The key portion 16 is made up of a plurality of sections 20 of the type described above, all mounted on a rod 240 (FIG. 1) which includes a shaft 250 of hexagonal cross-section shape to receive the program cams 150, having hexagonal bores. The mounting rod also has, at one end, a numbered ring portion 260 and a finger-gripping portion 270 to permit rotation of the shaft. The opposite end 280 of the shaft 250 is threaded to receive a lock nut 290 to lock the key sections 20 in place thereon.

Each lock section 300 (FIG. 5) includes an insulating ring member 310 having a base portion 314 which includes oppositely disposed apertured mounting tabs 340. An annular pedestal 360 rises from the front surface 350 of base member 310. The rear surface 320 of base 310 is provided with an annular depression 330 (FIG. 6) for receiving a metal contact ring 333 having a terminal 335, and the front surface of base 310 is provided with an annular depression 363 for receiving a metal contact ring 376 having a terminal 378. The annular pedestal 360 has ten spaced portions of reduced thickness 370, each of which is adapted to receive and hold a generally U-shaped metal lock contact 380. A similar U-shaped metal contact 390 having a projecting terminal portion 400 is mounted on its portion 370' in the pedestal 360, with terminal 400 seated in a depression 403 in base 314 so that it is beneath, spaced from and insulated from metal ring 376. An insulating pad 410 is disposed on terminal 400, and it rests between terminal 400 and ring 376 (FIG. 7).

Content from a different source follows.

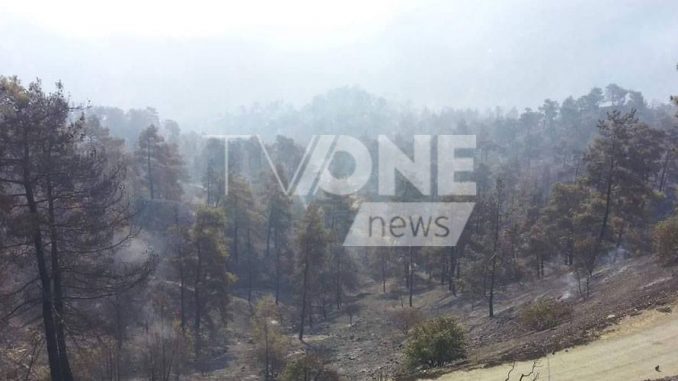 Ένας νεκρός δασοπυροσβέστης και δύο τραυματίες στον Άγιο Θεόδωρο – Ανατράπηκε το βυτιοφόρο στο οποίο επέβαιναν
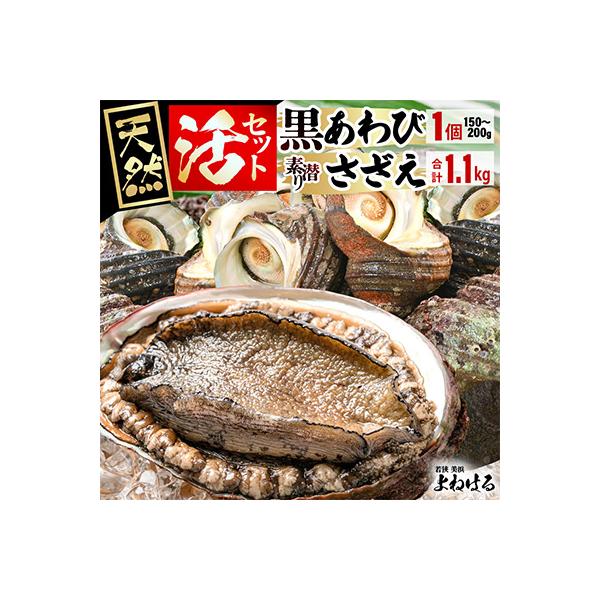 【金曜日発送】福井・若狭湾　天然活黒アワビ(中サイズ)&活サザエ1.1kgセット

Depressions 330 and 363 in the base 314 for metal rings 333 and 376 are not required, and other arrangements may be provided for seating these rings and relating them to contact 390.

Referring to FIG. 5, an insulating program ring 420, provided surrounding the pedestal 360, includes ten selector numerals on its outer surface and annular depressions 430 and 440 in its inner surface adjacent to its outer opposite surfaces. One depression 430 receives a split metal contact ring 450, and the other depression 440 receives a split metal contact ring 460 having an inwardly projecting arm 470. The split contact ring 450 and contact ring 370 are of such dimension and shape that, when the program ring 420 is in place on the pedestal 310, as illustrated in FIG. 6, the split contact ring 450 makes electrical contact with the ring 370. Similarly, the second contact ring 460 and ring 333 are of such size and dimension that, when two insulator lock rings 310 are placed side by side in a lock assembly, ring 460 makes contact with the ring 333 on the rear surface 320 of the adjacent insulator ring member 310. In addition, arm 470 of split ring 460 makes contact with one lock contact 380 (FIG. 8), and split ring 450 makes contact with all of the other lock contacts 380.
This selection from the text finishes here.